The response should be an exact transcription of the data below, free of images.
⟨
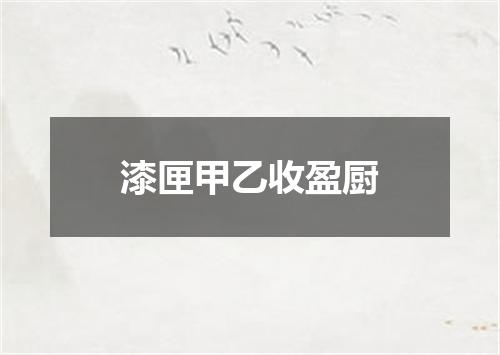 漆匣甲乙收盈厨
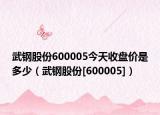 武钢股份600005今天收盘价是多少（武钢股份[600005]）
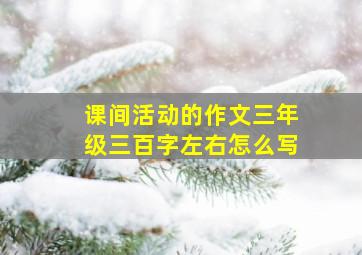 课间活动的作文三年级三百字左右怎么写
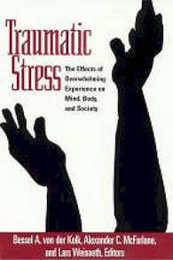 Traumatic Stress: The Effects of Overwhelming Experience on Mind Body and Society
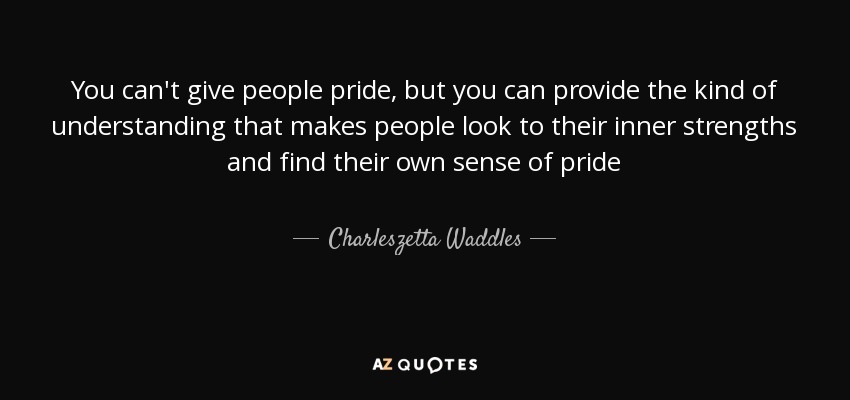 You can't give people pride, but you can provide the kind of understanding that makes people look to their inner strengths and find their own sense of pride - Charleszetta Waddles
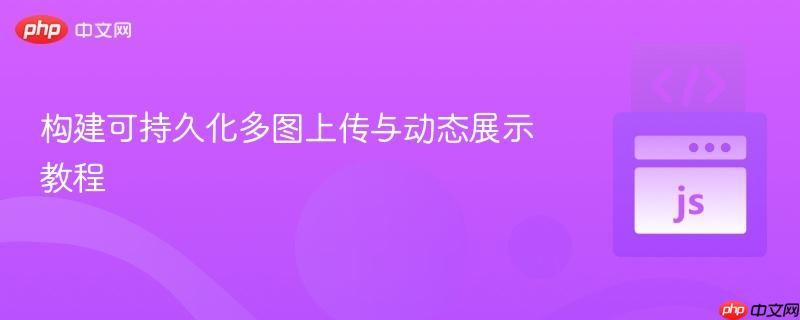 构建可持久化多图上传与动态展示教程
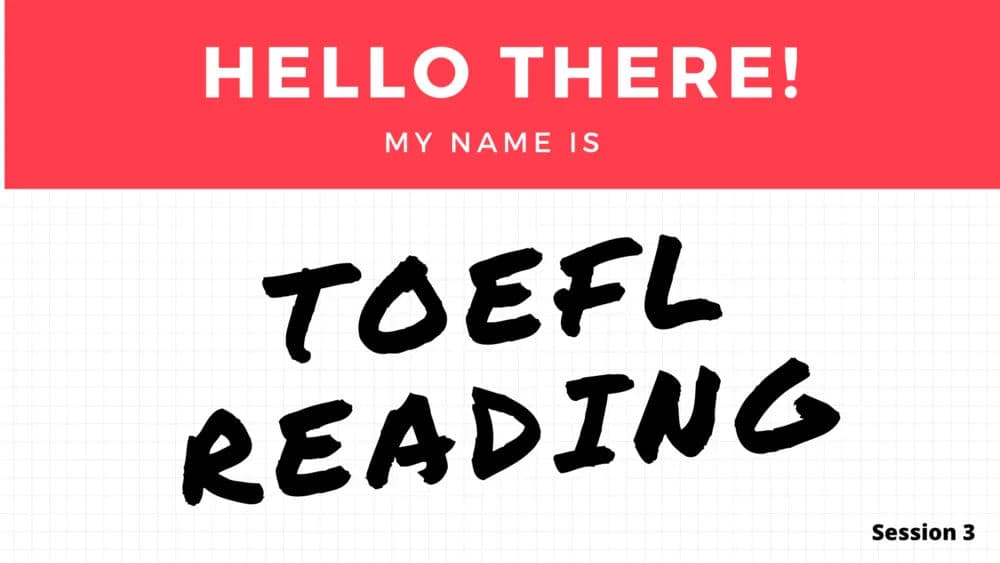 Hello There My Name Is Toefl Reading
⟩
◆ RESULT FOR THIS EXERCISE ◆
 漆匣甲乙收盈厨
 武钢股份600005今天收盘价是多少（武钢股份[600005]）
 课间活动的作文三年级三百字左右怎么写
 Traumatic Stress: The Effects of Overwhelming Experience on Mind Body and Society
 You can't give people pride, but you can provide the kind of understanding that makes people look to their inner strengths and find their own sense of pride - Charleszetta Waddles
 构建可持久化多图上传与动态展示教程
 Hello There My Name Is Toefl Reading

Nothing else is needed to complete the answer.